ジャコバッチはさらなる熱心さでもって土を掘り起こす。ときどきマルコさんは持っている長い杖付きのシャベルで大きな石を端にどけて土堀りを助ける。しばらく掘らせてから、マルコさんは根っこのあたりの土塊をとった。それを手のひらで覆い鼻に当てて深く息をすった。微妙なにおいを確認しているのだろう。驚いたことに、人間も嗅覚をつかってトリュフがあるかどうかチェックをするのだ。確かににおいはしたみたいだが、トリュフはそこにはなかった。
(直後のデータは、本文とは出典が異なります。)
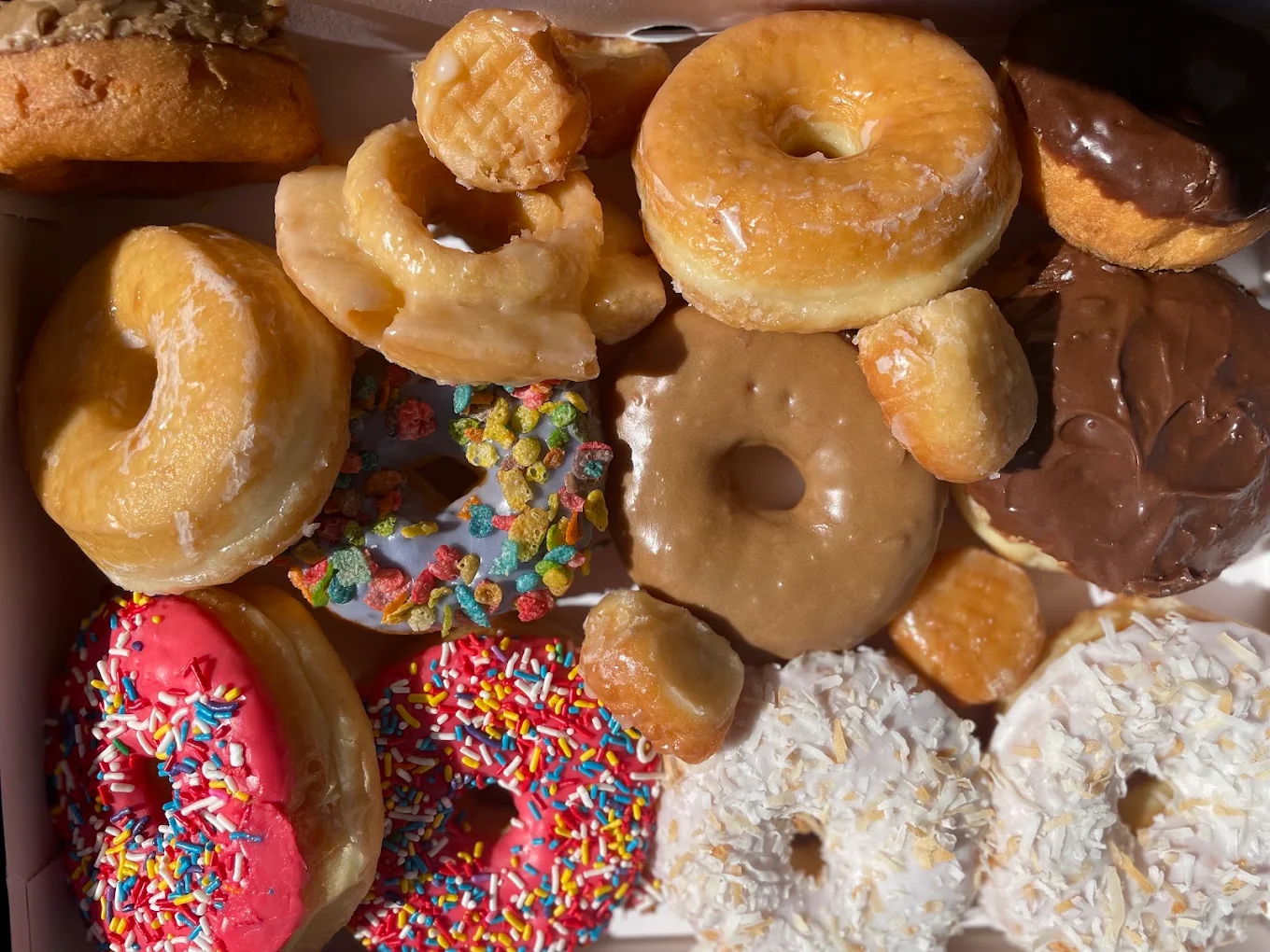 Rainbow Donuts & Smoothies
「もう、今朝すでに誰かが掘り返してとって行ったみたいだ」

とはいえ、マルコさんは全くがっかりした様子ではなかった。というのも、たとえ掘り返されていてもジャコバッチはちゃんとトリュフのにおいを見つけ出してくれたからだ。これが大事なのだ。マルコさんはポケットからレバーの切れ端を出してジャコバッチに与えた。

「こうして森に来て探知トレーニングを重ねていきます。犬が若いときは別にトリュフの塊を探し出さなくていいのよ」

とモニカさん。

「それよりも、誰かが掘り起こした場所でも確実にトリュフのにおいを嗅ぎ当てたこと。犬はすでに掘り起こされた場所なのかそうではないのかを区別できないのだけど、私たち人間は掘り返しの後をみれば「ここにトリュフがかつてあった」と見分けられます。だからたとえトリュフがなくても犬を褒めて、次へのモチベーションにつなげていきます」

これがトリュフ探知犬トレーニングだという。

もっとも子犬時代にトリュフのにおいがしみついた布切れや、切れ端の入った小さな容器を土に埋めて探させるなど、遊びをまじえたトレーニングも行ってきたそうだ。トリュフのにおいで楽しいゲームを連想させる。麻薬探知犬のトレーニングとほぼ同じだ。きっと昔からトリュフ犬はこんなふうににトレーニングされていたのに違いない。そして彼らは心から楽しんで仕事に従事しているのは、疑いのないところだ。


小さな容器にトリュフを入れて庭の土の中に隠す。それを探させる、というトレーニングを子犬の時から行うという。